→ **Task to carry out**
Nothing but the lines from the one with "Listening interaction with" down to the one with "Conversación sobre panqueques" should be returned, exactly and with both ends included, from the material below.

################

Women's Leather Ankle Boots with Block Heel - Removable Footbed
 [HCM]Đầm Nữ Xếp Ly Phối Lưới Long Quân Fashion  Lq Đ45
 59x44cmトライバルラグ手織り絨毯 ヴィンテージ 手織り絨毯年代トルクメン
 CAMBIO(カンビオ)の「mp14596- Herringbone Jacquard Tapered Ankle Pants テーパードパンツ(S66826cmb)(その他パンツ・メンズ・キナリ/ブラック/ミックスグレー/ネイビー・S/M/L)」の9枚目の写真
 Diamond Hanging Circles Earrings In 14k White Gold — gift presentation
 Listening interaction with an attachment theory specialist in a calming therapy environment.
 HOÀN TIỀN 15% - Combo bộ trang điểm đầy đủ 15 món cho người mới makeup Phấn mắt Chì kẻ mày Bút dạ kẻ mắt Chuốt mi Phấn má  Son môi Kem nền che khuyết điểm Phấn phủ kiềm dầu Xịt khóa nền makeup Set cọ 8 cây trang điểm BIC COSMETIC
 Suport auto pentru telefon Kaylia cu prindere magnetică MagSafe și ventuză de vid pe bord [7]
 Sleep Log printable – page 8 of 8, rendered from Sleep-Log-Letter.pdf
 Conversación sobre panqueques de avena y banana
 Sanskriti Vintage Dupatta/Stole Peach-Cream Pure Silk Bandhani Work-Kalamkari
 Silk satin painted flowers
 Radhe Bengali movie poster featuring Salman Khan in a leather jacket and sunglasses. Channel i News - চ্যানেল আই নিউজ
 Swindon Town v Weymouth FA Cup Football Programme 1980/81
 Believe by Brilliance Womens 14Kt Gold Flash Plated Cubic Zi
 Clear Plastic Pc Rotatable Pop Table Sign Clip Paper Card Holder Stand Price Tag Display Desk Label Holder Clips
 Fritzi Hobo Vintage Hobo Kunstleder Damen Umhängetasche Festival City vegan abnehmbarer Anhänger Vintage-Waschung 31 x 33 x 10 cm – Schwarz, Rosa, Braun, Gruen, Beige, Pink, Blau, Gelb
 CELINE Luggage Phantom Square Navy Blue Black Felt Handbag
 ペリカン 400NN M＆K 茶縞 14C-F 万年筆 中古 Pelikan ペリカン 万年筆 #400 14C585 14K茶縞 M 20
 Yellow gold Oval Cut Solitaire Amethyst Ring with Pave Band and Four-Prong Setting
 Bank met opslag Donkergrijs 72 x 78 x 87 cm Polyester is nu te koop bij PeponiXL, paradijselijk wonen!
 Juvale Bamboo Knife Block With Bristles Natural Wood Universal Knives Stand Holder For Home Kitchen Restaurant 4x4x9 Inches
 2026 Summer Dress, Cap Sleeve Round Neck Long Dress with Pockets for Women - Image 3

################

→ **Answer section**
 Listening interaction with an attachment theory specialist in a calming therapy environment.
 HOÀN TIỀN 15% - Combo bộ trang điểm đầy đủ 15 món cho người mới makeup Phấn mắt Chì kẻ mày Bút dạ kẻ mắt Chuốt mi Phấn má  Son môi Kem nền che khuyết điểm Phấn phủ kiềm dầu Xịt khóa nền makeup Set cọ 8 cây trang điểm BIC COSMETIC
 Suport auto pentru telefon Kaylia cu prindere magnetică MagSafe și ventuză de vid pe bord [7]
 Sleep Log printable – page 8 of 8, rendered from Sleep-Log-Letter.pdf
 Conversación sobre panqueques de avena y banana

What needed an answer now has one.